Asked about the Duke University-Broadway connection, the theatre department's managing director, Zannie Voss, told Playbill On-Line (Oct. 6), "Back in the late 1980s and early 1990s, Duke premiered a number of shows (mainly via producer Emanuel Azenberg) that were on their way to Broadway. Over the last five years, we've been working with Ford's Theatre in DC. We co-produced the musical Kudzu and, last year, the Jonathan Bolt, Thomas Tierney and John Forster musical Eleanor, about Eleanor Roosevelt. This is the first time in five years we've worked with a commercial producer."

Johnson-Liff Associates, in New York, is casting the show.
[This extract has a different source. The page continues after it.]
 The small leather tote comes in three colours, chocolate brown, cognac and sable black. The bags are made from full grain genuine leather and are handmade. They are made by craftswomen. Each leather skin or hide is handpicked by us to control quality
Voss noted that although Duke University students might intern on the production (e.g., assistant director, assistant designer), the show has a full Equity cast, rather than students. Capitalization for the Duke mounting is projected at $200,000, with running costs bringing the run to the $330,000 range. Director Knight (set), Jane Greenwood (costumes) and Brian Nason (lighting), who designed the show in London, will repeat their work, according to general manager Roger Alan Gindi.

Philadelphia Theatre Company producing artistic director Sara Garonzik told Playbill On-Line that PTC would be credited for staging Birdy's American premiere and would have some financial piece of the New York staging but would not be creatively involved in this separate mounting. "We were tipped off that things were afoot," Garonzik said, when we received a call regarding immigration papers for Kevin Knight."

Asked if Duke will get a piece of the New York pie, Voss said, "We're still in negotiations on the financial end, though we'll certainly continue to get recognition for our production when it comes to New York."

In fall 1999, general manager Gindi said Birdy is scheduled to begin previews March 28, 2000 and open in early April 2000 at a theatre to be announced. He expected "name players" for the cast but couldn't yet say when casting would be completed or provide figures on capitalization. He did say the project, which was initiated by producer Sirkin, "almost came in last season but it didn't work out. Now we can do it."